Can I now correct, if I may, the first part of your point? You assume, as many commentators do, that it was not making profit before.
This is a reasonable assumption but sadly a trap that far too many people, including the mainstream media and politicians, fall into. The Chesham Arms had been a viable business for 147 years.
We know the previous publican well. He was making money. He supported a family, two cars, took several foreign holidays and enjoyed life. He was given his marching orders by the owner. They chucked him out.
The Chesham Arms was not sold because it had failed and closed. Quite the opposite is true. The Chesham Arms was sold, the new owner then failed it! It then closed.
This was a deliberate act to destory the pub. It is not a question of viability at all, but merely one of greed. Pubs, like most other things (e.g. Mosques, Churches, Temples, Green Parks, Leisure Centres, Libraries, Casinos, Shops, Civic Buildings, Hotels, Laundrettes, Theatres, Cinemas) are worth more as residential use than as a commercial building.
To put it in real life figures, The Chesham Arms has been valued at £300,000 as a pub. This evidence was submitted to the above public inquiry. Mr Patel, the present owner, paid £650,000 for it. He paid over twice the market valuation.
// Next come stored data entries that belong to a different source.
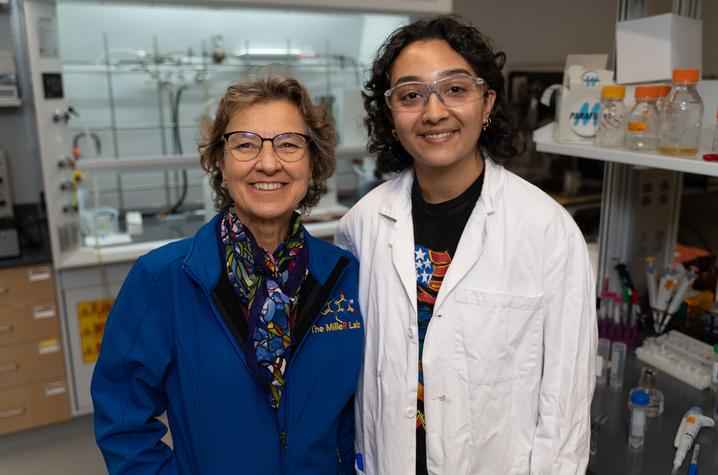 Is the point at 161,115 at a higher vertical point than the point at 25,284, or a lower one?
higher

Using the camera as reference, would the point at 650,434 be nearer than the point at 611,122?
Yes

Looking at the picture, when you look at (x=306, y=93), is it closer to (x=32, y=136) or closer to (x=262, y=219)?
(x=262, y=219)

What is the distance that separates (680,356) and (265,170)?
4.26 ft

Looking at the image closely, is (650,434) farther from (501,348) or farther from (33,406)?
(33,406)

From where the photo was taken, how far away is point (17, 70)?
2795 mm

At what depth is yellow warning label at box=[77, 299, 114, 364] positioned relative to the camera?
2.57 metres

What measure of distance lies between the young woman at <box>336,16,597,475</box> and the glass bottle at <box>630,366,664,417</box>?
0.35 meters

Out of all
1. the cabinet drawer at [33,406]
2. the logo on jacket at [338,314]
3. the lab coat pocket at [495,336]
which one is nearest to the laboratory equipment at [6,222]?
the cabinet drawer at [33,406]

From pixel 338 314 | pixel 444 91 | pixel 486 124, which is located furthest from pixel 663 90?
pixel 338 314

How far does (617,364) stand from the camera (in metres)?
1.59

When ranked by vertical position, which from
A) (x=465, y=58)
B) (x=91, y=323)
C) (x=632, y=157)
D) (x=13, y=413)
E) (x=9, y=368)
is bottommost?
(x=13, y=413)

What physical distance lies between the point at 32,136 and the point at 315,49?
1586mm

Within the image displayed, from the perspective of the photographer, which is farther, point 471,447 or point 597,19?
point 597,19

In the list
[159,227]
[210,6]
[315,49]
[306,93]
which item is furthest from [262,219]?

He has closed it for 2 years and lost around £23,000. See the calculations done on http://www.savethechesham.org.
The price he paid is clearly too much, but if it was reasonable to turn the pub into flats, no doubt these might sell for £500,000 per flat so that makes the £650,000 look fair. Of course it is not fair when valued as a pub.
This is why the planning system is absolutely CRUCIAL in protecting the community social infrastructure of our neighbourhoods.
Without it, London would simply be one huge sprawling mass of flats and houses, as these would always mean the most short-term profit. There was no shortage of regular punters in The Chesham Arms.
As a back street boozer, with VOA of £10,500, it took £7k per week through the tills and paid £30,000 a year in rent to the owner. That’s a 10% yield on freehold value so punching above the norm for London commercial property.
Please understand, this was never about viability (or lack of) but about short-term profit at the expense of the community.